No audit log. The audit log is your incident response. Without it, you cannot tell which tool call caused the bad outcome.
Skipping the read-only smoke test. The cheapest way to validate scope is to do a clearly read-only task first, then graduate to writes.
Over-broad tool surface. 30 tools that overlap = the agent picks wrong. 5 sharp tools > 30 vague ones.

Do this yourself vs hire us

When to do this yourself, when to hire:

Do this yourself if…

You have a senior engineer who has shipped an OAuth + read-only database role before
You have one or two specific use cases, not 10+
Your named internal owner has 3+ weeks of dedicated time
The credentials are scoped and rotatable already (most aren't, by the way)

Hire us if…

You have 5+ internal systems to expose and want them shipped in 6–8 weeks, not 6+ months
The credentials aren't ready (no read-only role, no service account, no OAuth app)
You don't have a senior engineer who has shipped MCP + auth + audit in production
You need the audit log wired into your observability stack from day one
You want a defined scope, a fixed price, and a senior engineer shipping in your repo

Frequently asked questions

How long does it take to build a production MCP server?

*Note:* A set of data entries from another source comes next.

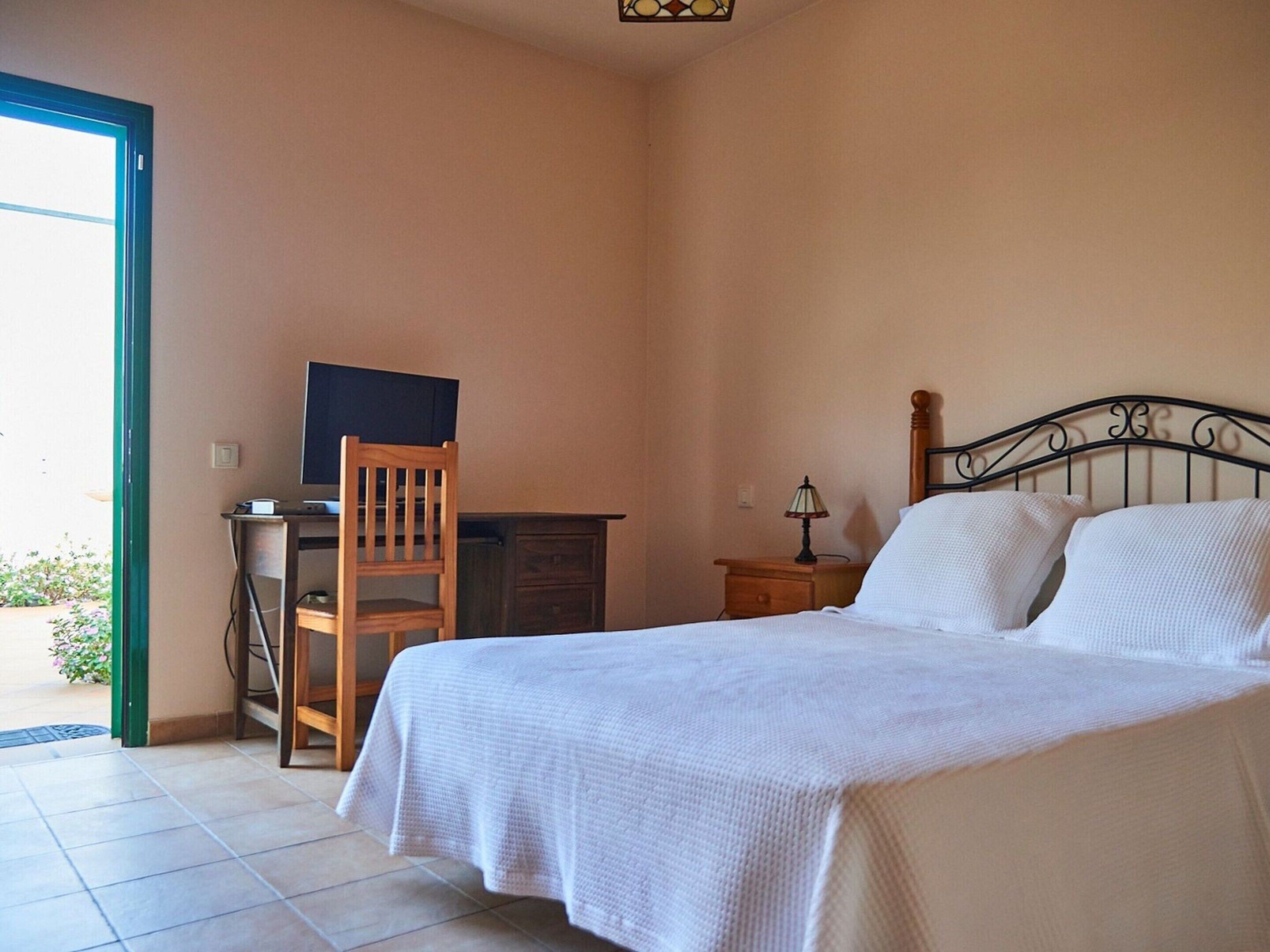 A bedroom with a bed, a desk, a chair, and a television.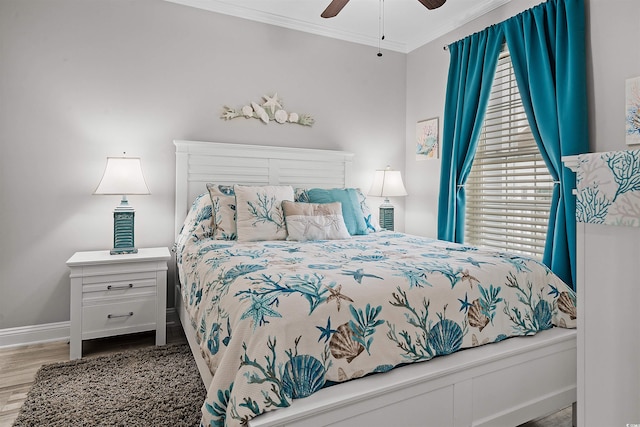 bedroom featuring ornamental molding, light hardwood / wood-style floors, and ceiling fan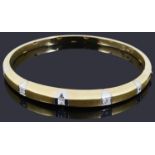 A two colour gold diamond hinged stiff bangle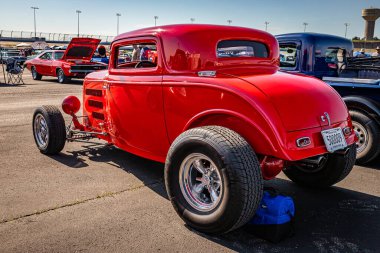 Lebanon, TN - May 13, 2022: Wide angle low perspective back corner view of a 1932 Ford 3 Window Highboy Coupe at a local car show.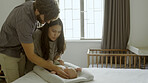 Bed, newborn and parents with sleeping baby and playing as love, care or bonding in a home as affection together. Happiness, dad and mother or couple relax in bedroom with kid as family in house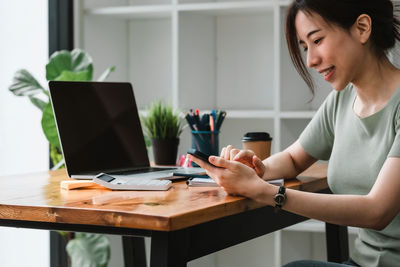 Woman using mobile phone while sitting on table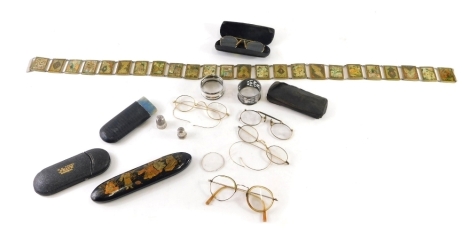 Various silver and related effects, an early 20thC Japanned spectacles case, decorated with figures with gilt highlights on black ground, 16cm long, an Eastern belt decorated with panels of flowers, pince-nez, other spectacles, silver thimble, two napkin 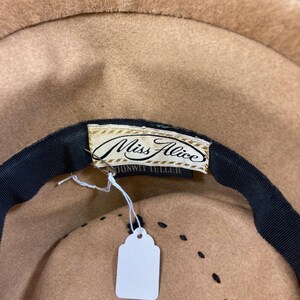 May include: A tan-colored hat with a black ribbon and a tag that reads "Miss Alice". The hat has a classic design with a rounded crown and a wide brim. The hat is made in France.
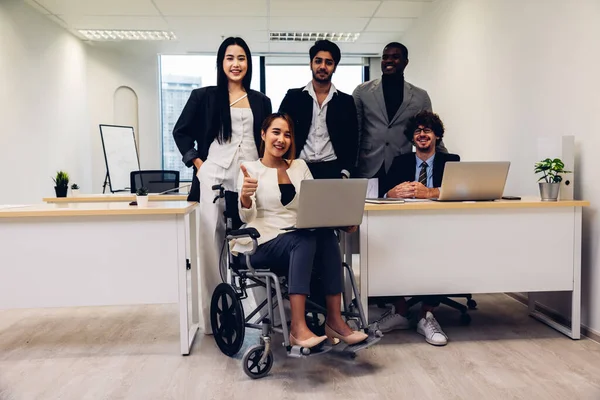 Office workers and woman on a wheelchair in bright office. They are showing a teamwork. Portrait of diverse business team with young woman in wheelchair all smiling at camera in office.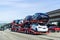 January 19, 2019 San Bruno / CA / USA - Car transporter carries Tesla Model 3 new vehicles along the highway in San Francisco bay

A focused 3-week engagement per server, assuming a clear use case, a named internal owner, and a read-only credential. The first server takes longer (the patterns are set); subsequent servers reuse them.

What is the difference between an MCP server and a tool / function call?

A tool / function call is provider-specific (OpenAI tools ≠ Claude tool use ≠ Gemini function calling). MCP is a portable, typed, discoverable protocol — one server works across Claude Code, Cursor, Cline, and any future MCP-capable client.

Do I need to host the MCP server myself?

For internal systems (Postgres, deploy, internal APIs) yes — the server should run in your infra, with your auth, with your audit log. For SaaS systems, vendors like Composio or Anthropic ship pre-built servers you can use as-is.

What credentials does the MCP server use?

Best practice: a service-account credential scoped to the system (read-only by default), stored in a secret store, injected at the boundary. Never a personal user token; never hardcoded in the config.

Can the agent call multiple MCP servers at once?

Yes. In Claude Code and Cursor, you register as many servers as you want; they're merged into one tool list. If two servers expose a tool with the same name, the most recently registered wins (or you can disambiguate in settings).